§ **DATA EXTRACT**

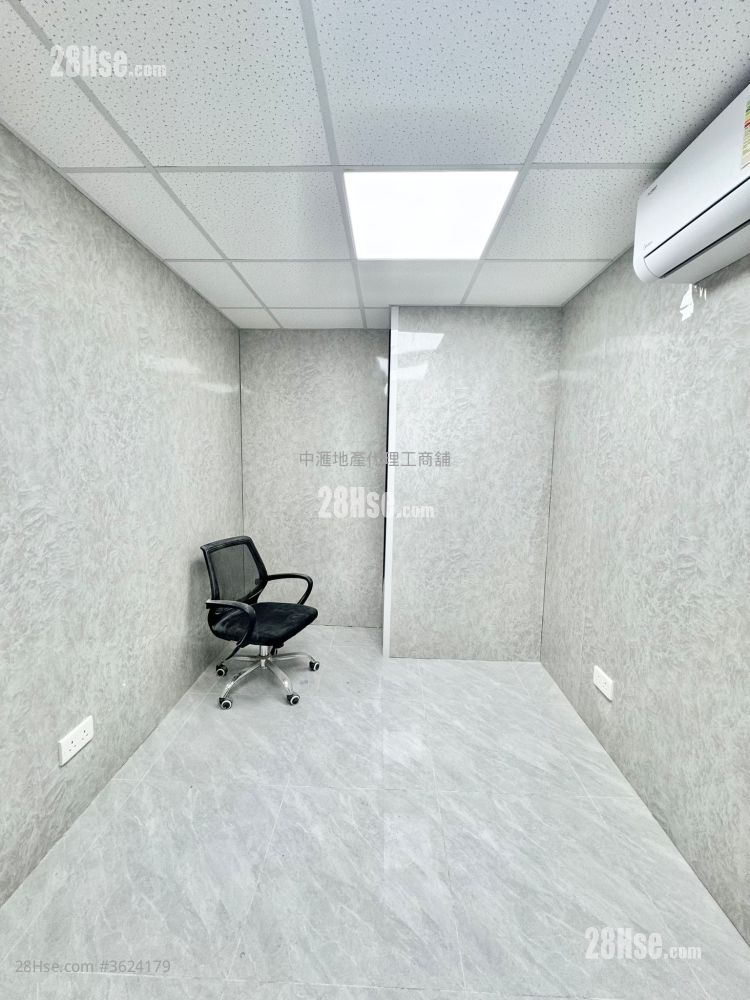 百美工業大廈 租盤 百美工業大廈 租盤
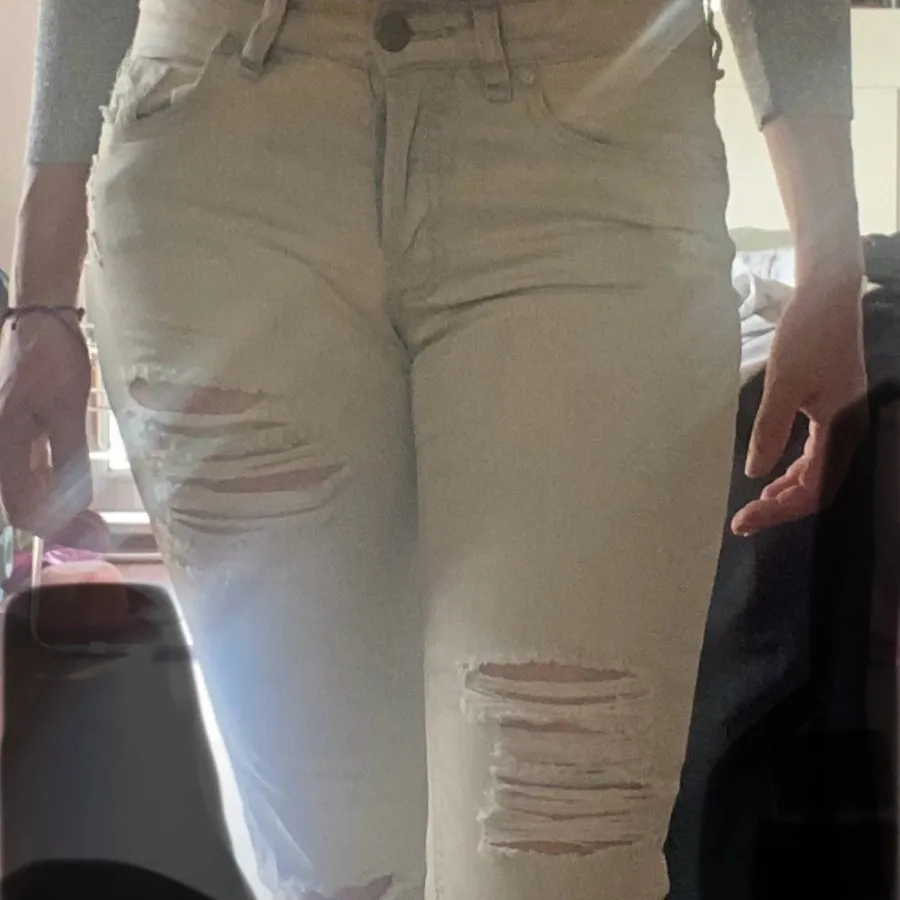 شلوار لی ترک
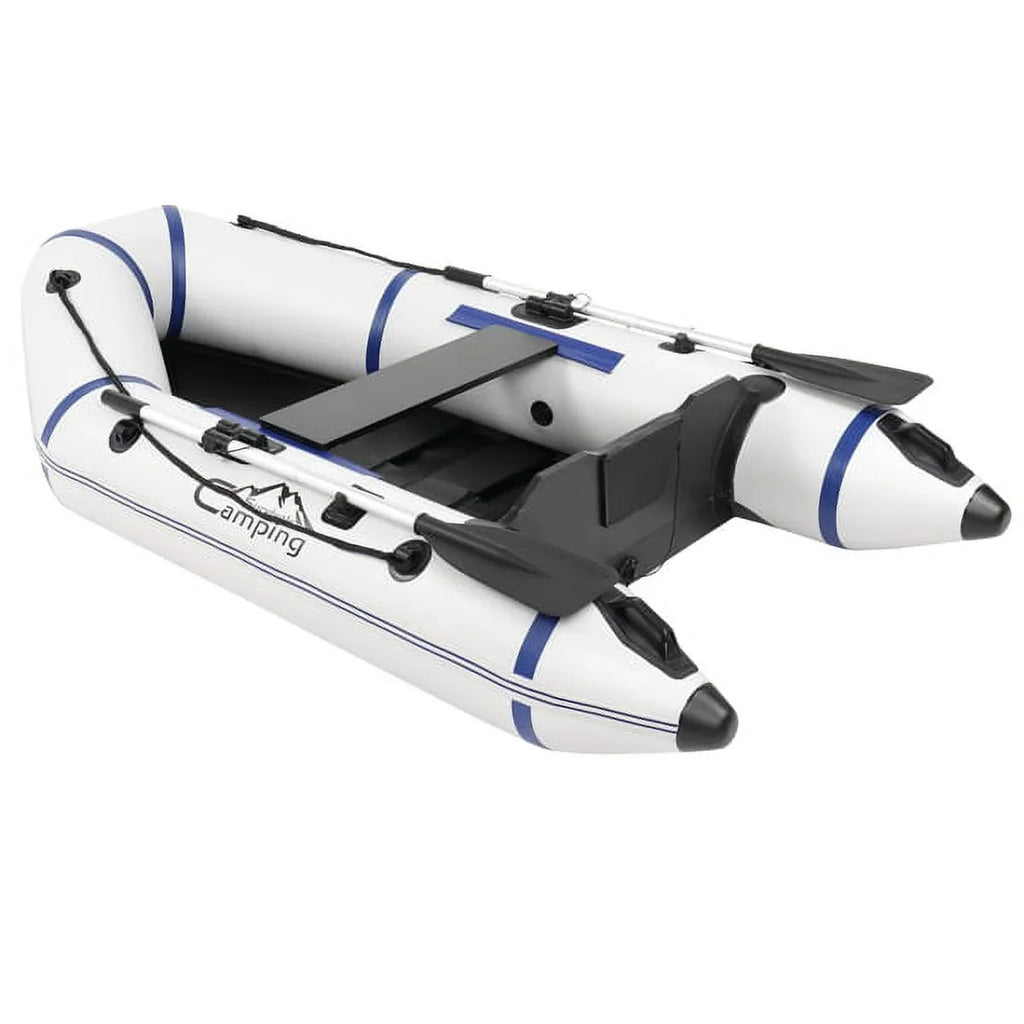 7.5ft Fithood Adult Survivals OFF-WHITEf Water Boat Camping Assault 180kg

§ **EXERCISE**
Each line from the one that contains "شلوار لی ترک" to the end of the listing must be quoted exactly; no other line and no picture belongs in the copy.

§ **ANSWER TO THIS TASK**
 شلوار لی ترک
 7.5ft Fithood Adult Survivals OFF-WHITEf Water Boat Camping Assault 180kg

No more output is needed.